Malware continues to change at a rapid pace, as evidenced by new types of high-tech, military-grade malicious code grabbing headlines such as Stuxnet, Duqu and Flame.
Another category raising its ugly head is the malware developed specifically for industrial espionage, like ACAD/Medre.A, which we will be seeing more and more of in the future. Why these sudden spikes in the news? This isn't something new; these kinds of situations have happened before. But since people in general are becoming more security-aware due to the ongoing stream of information and related coverage in the media about state-sponsored malware, these anomalies are now noticed on a more regular basis and as a result of being detected more often.
You're most likely are asking yourself: "What can I do to protect my company against these targeted attacks?"

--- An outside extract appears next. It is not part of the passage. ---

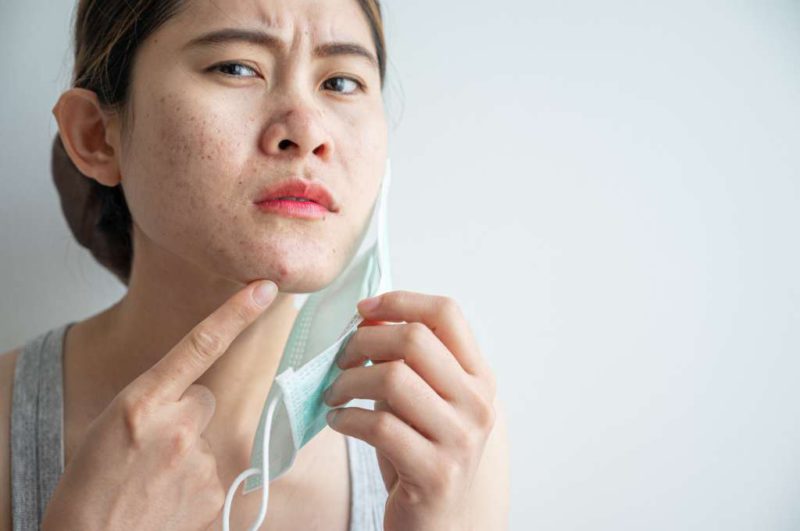 Maskne (Jerawat Akibat Masker): Gejala, Penyebab, dan Cara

First off, the attacks that are targeted are usually invisible to current security measurements and undetectable by even the most up-to-date anti-malware solutions. This is, of course, not a reason to stop using anti-malware software, as it continues to be a line of defense that can still help you identify and remove threats. Also, anti-malware software is getting smarter and new(er) versions may be able to detect the threats purely based on behavioral detection, but even if it doesn't, when the signature database is updated with entries covering the threat, you may suddenly find that your network has been affected. Even though the system was compromised, and data may have been leaking, at least you now know you have a problem and you can start a proper damage assessment and begin issuing remediation protocols.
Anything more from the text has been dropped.